** Recorded information follows **
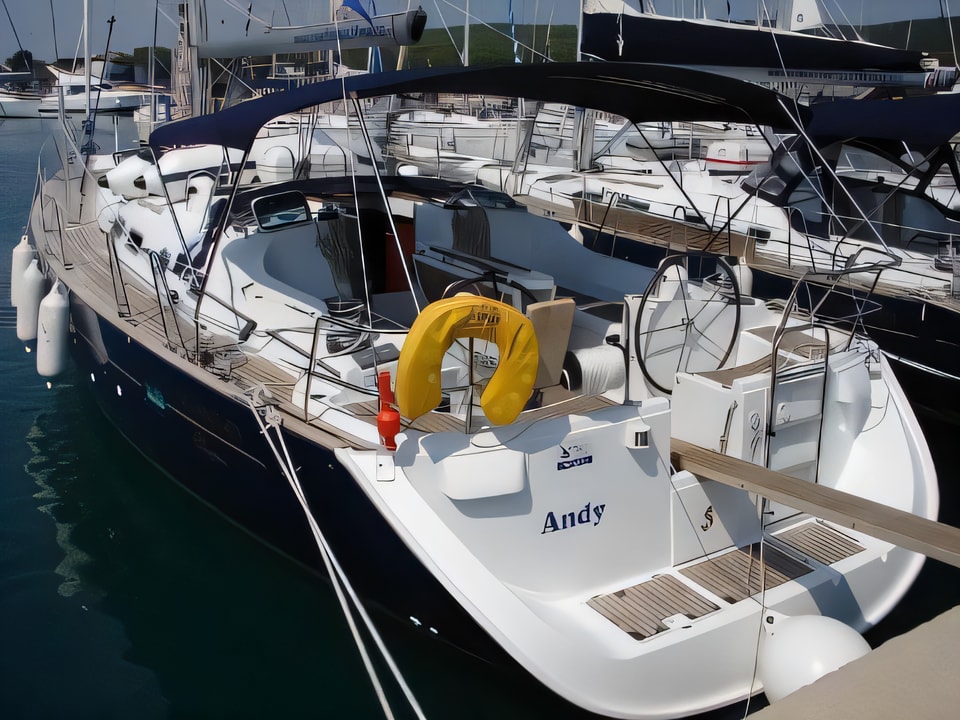 Exterior overview of Oceanis 473 sail boat for charter from Sukosan Marina Dalmacija in the Zadar sailing area Croatia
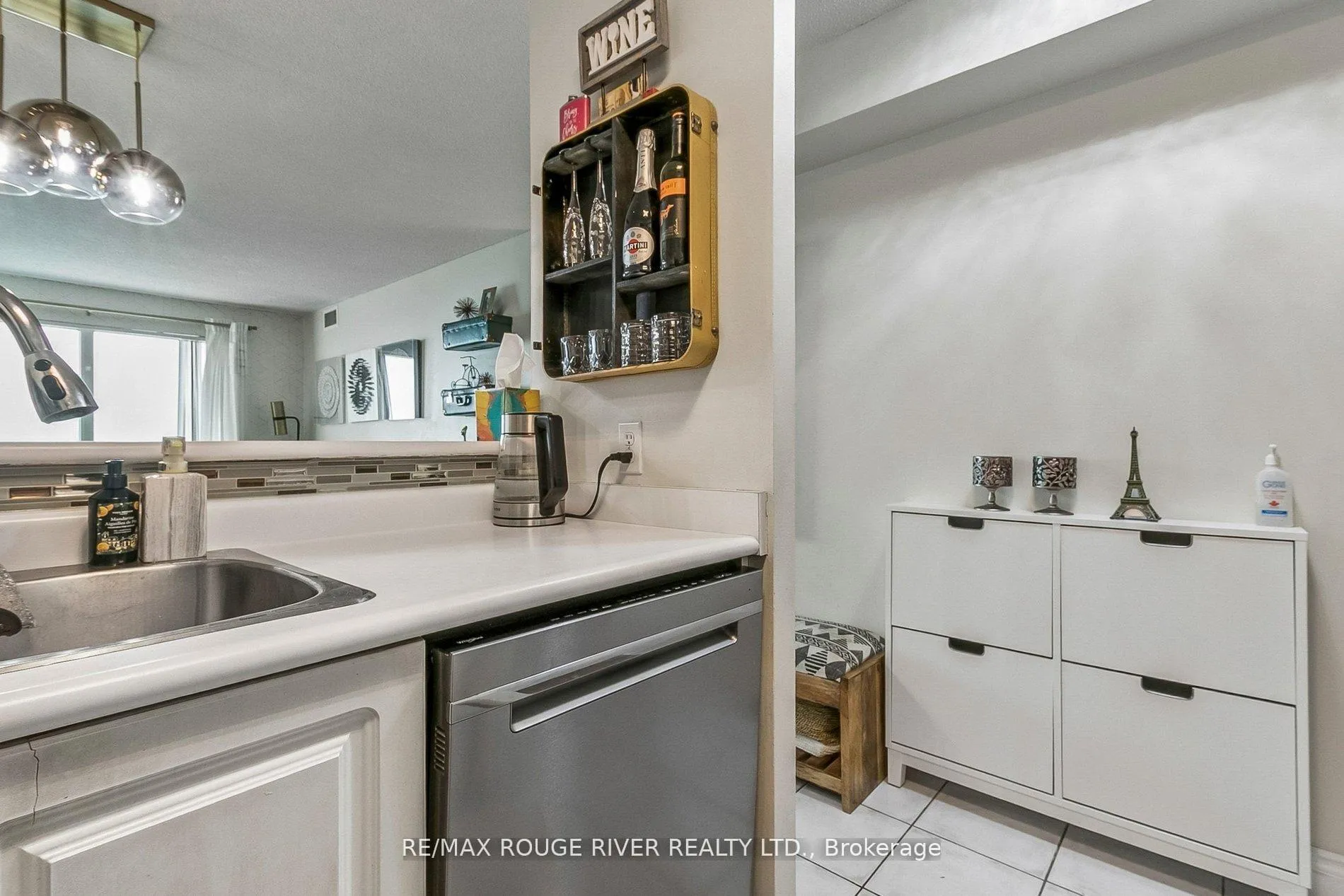 Photo 8 of Unit 1203, 11 Lee Centre Drive, Scarborough, Woburn — HOMEH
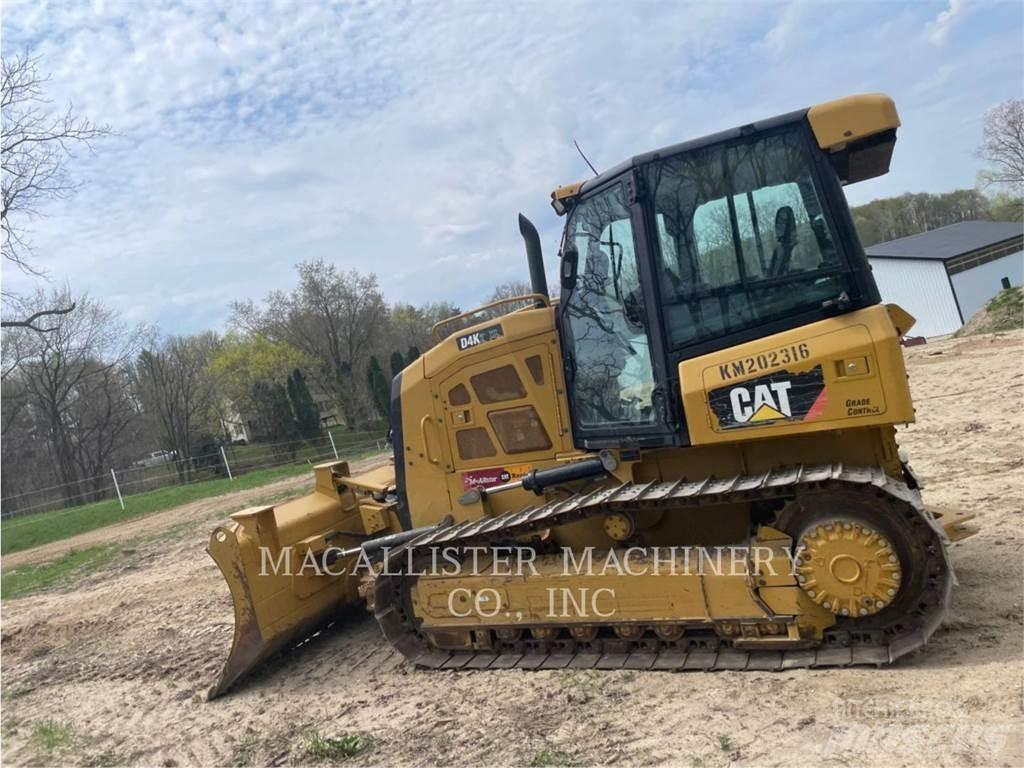 CAT D4K2 XL ブルドーザー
** End of Recorded information **
### Aim of the task
With the pictures omitted, reproduce the data above exactly.

### Solution
 Exterior overview of Oceanis 473 sail boat for charter from Sukosan Marina Dalmacija in the Zadar sailing area Croatia
 Photo 8 of Unit 1203, 11 Lee Centre Drive, Scarborough, Woburn — HOMEH
 CAT D4K2 XL ブルドーザー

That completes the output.